== What this task involves ==
Skip the pictures. Output only the lines below starting at the line with "Avventura di Rafting" and ending at the line with "New construction of", both ends included, exactly as they are.

┌─ The records

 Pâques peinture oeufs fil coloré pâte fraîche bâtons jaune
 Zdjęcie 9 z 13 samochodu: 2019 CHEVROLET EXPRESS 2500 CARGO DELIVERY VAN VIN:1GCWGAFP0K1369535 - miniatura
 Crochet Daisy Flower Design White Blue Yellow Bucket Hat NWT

└─
┌─ The records

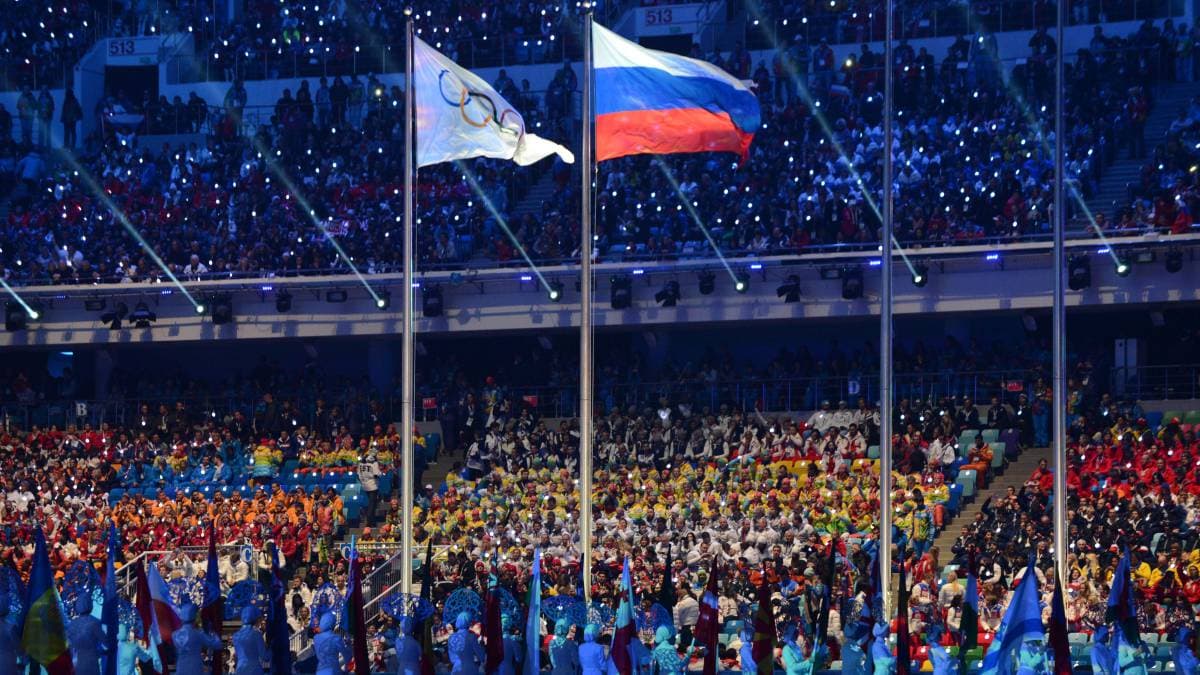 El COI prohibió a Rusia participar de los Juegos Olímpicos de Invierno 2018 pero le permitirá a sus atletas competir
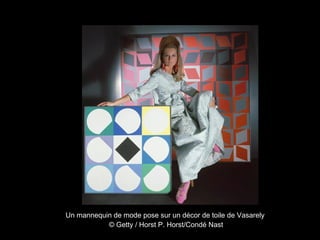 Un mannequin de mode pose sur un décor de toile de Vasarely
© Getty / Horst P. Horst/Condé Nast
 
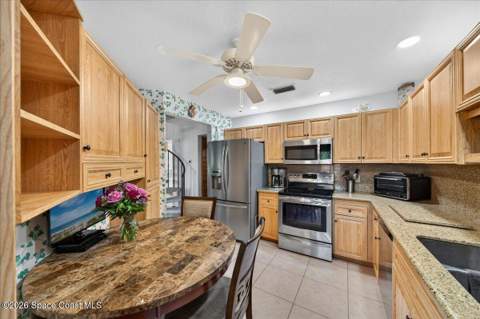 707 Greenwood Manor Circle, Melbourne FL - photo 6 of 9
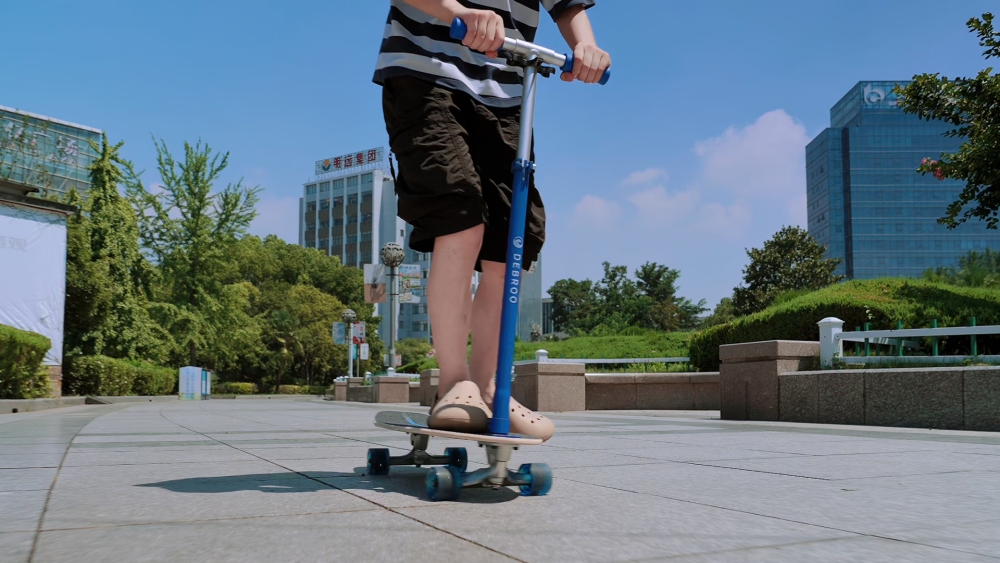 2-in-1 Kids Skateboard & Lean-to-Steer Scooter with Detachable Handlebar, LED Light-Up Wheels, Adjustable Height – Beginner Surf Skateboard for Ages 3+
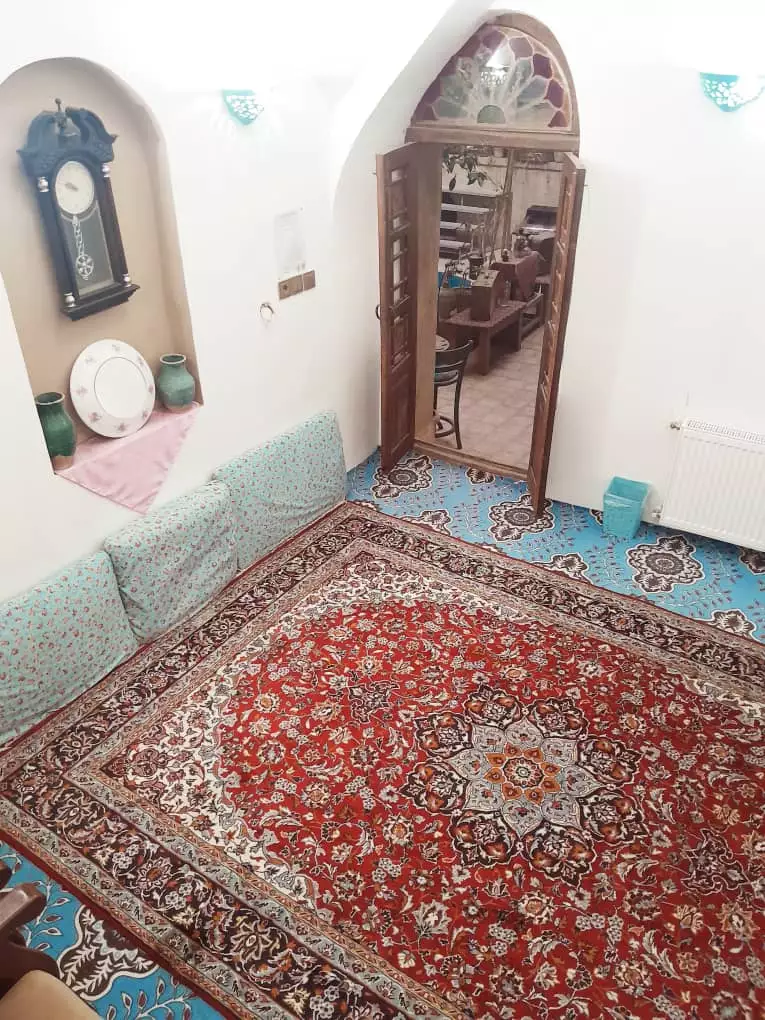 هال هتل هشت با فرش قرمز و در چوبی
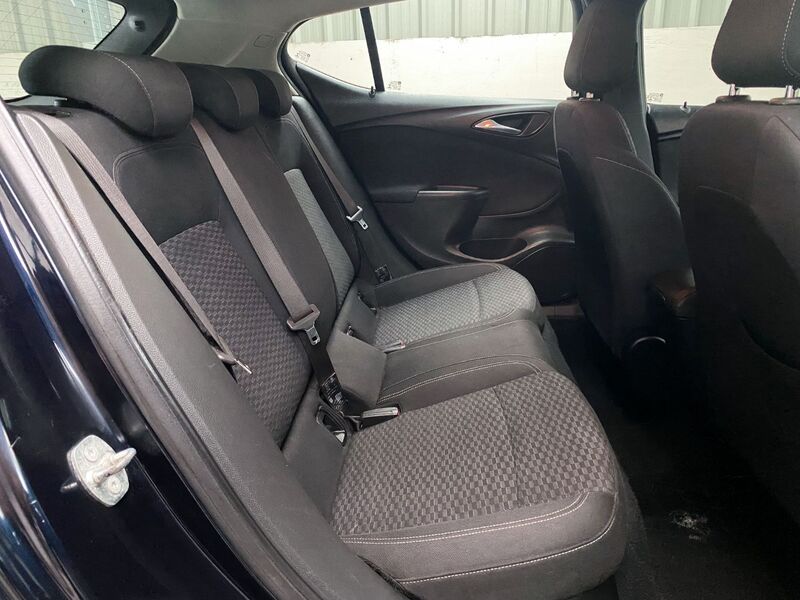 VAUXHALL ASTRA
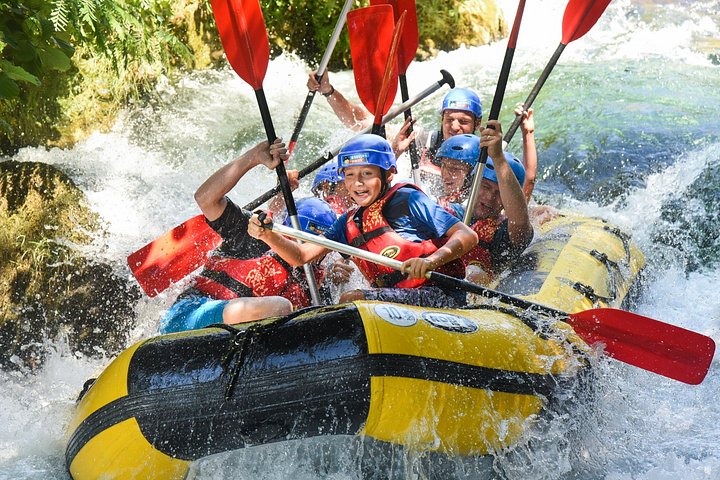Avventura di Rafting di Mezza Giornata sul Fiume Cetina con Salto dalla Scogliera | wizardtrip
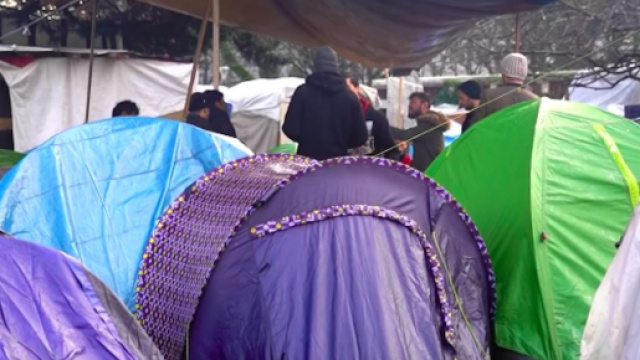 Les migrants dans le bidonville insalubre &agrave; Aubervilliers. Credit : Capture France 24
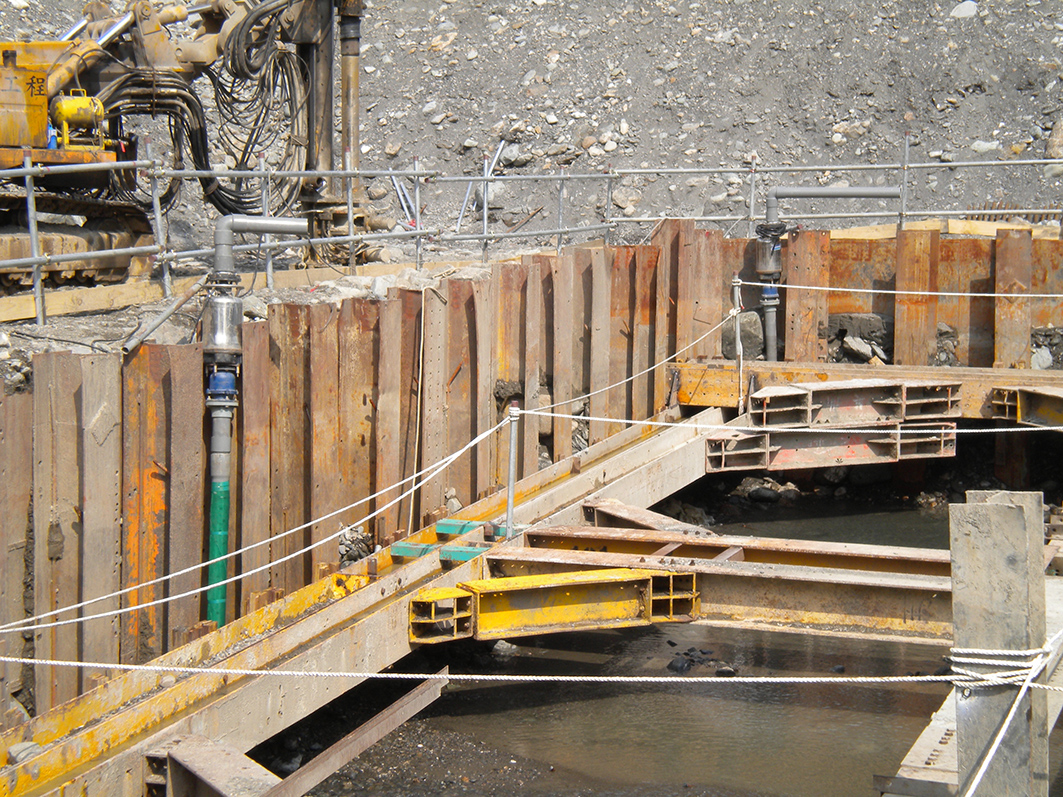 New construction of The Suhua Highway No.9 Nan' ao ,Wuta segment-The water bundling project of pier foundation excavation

└─
┌─ The records

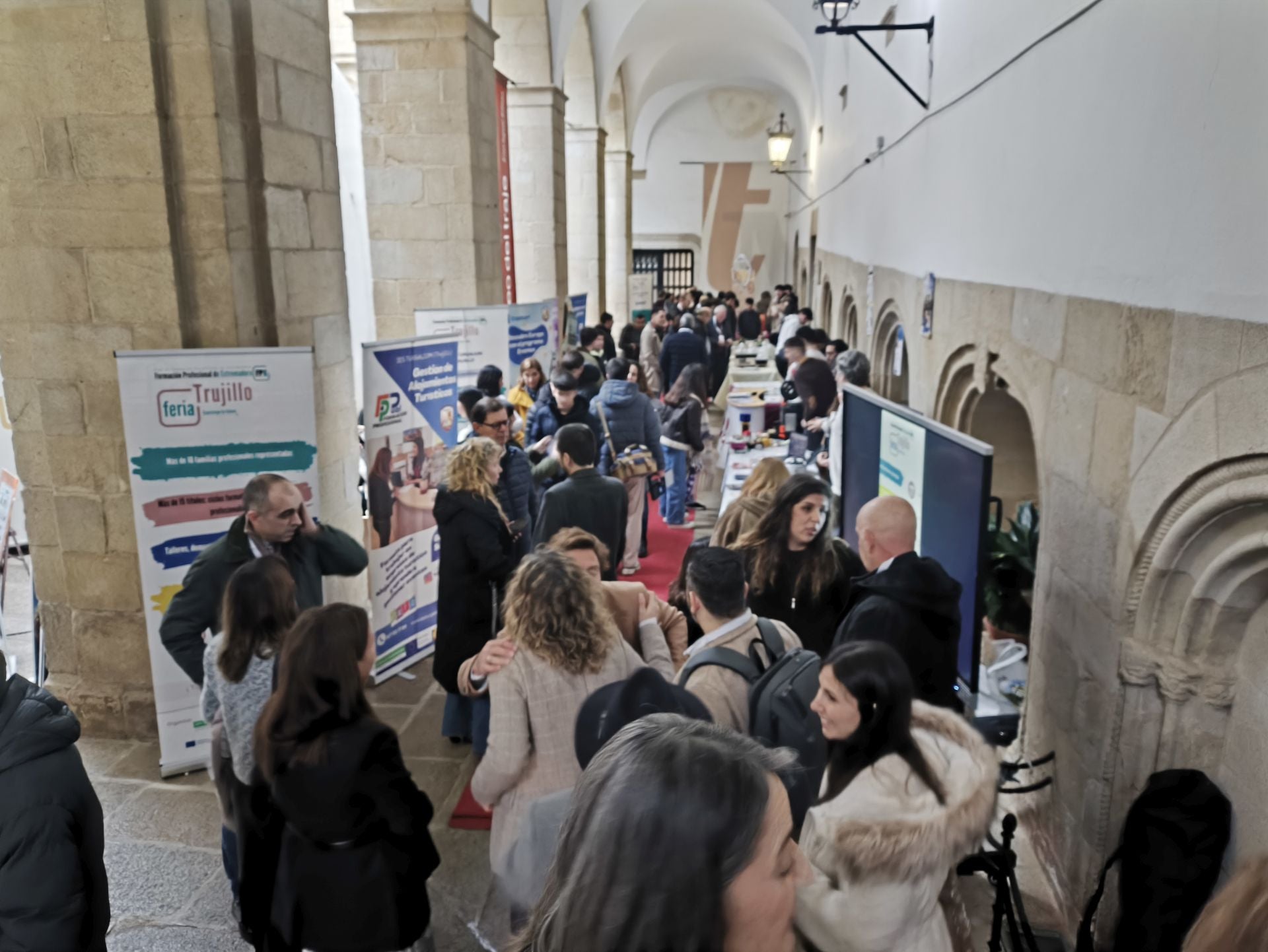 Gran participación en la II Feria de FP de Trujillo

└─

== Result below ==
Avventura di Rafting di Mezza Giornata sul Fiume Cetina con Salto dalla Scogliera | wizardtrip
 Les migrants dans le bidonville insalubre &agrave; Aubervilliers. Credit : Capture France 24
 New construction of The Suhua Highway No.9 Nan' ao ,Wuta segment-The water bundling project of pier foundation excavation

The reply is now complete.